In the records below, find the line with "鮑魚(yú)處理干凈，金字火腿切片備用" and the line with "체결을 요구하는 자전거캠페인"; return exactly those lines and every line between them.
─── INPUT
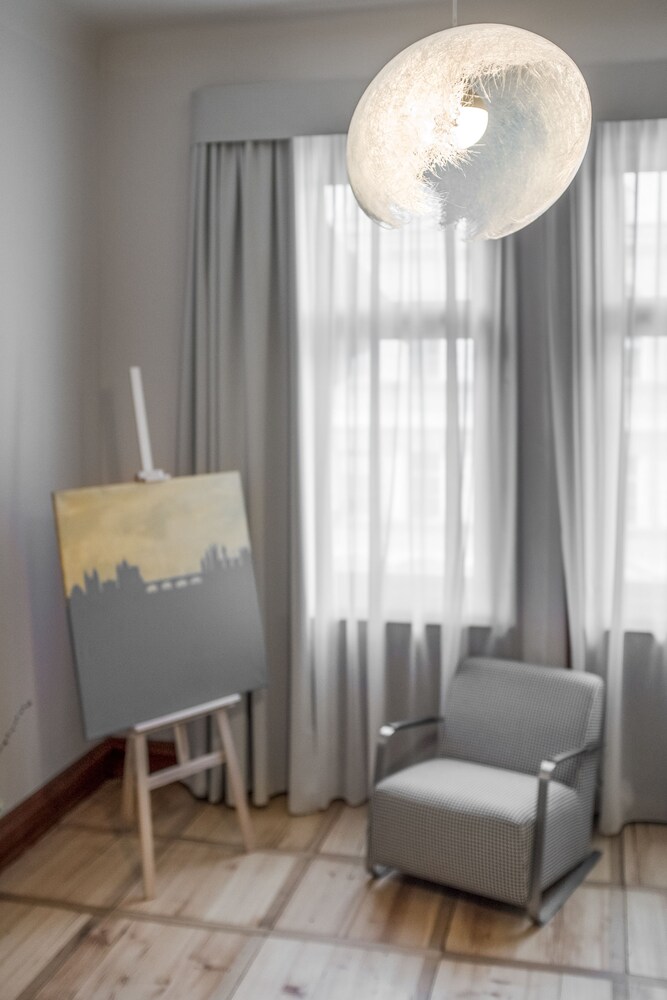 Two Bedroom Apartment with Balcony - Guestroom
──────
─── INPUT
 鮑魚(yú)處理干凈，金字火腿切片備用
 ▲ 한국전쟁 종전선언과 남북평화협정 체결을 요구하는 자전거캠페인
──────
─── INPUT
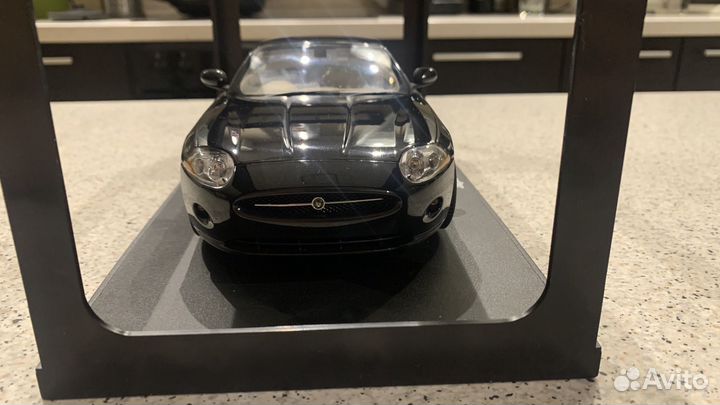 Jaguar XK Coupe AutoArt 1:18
──────
SOLUTION TO THE EXERCISE:
 鮑魚(yú)處理干凈，金字火腿切片備用
 ▲ 한국전쟁 종전선언과 남북평화협정 체결을 요구하는 자전거캠페인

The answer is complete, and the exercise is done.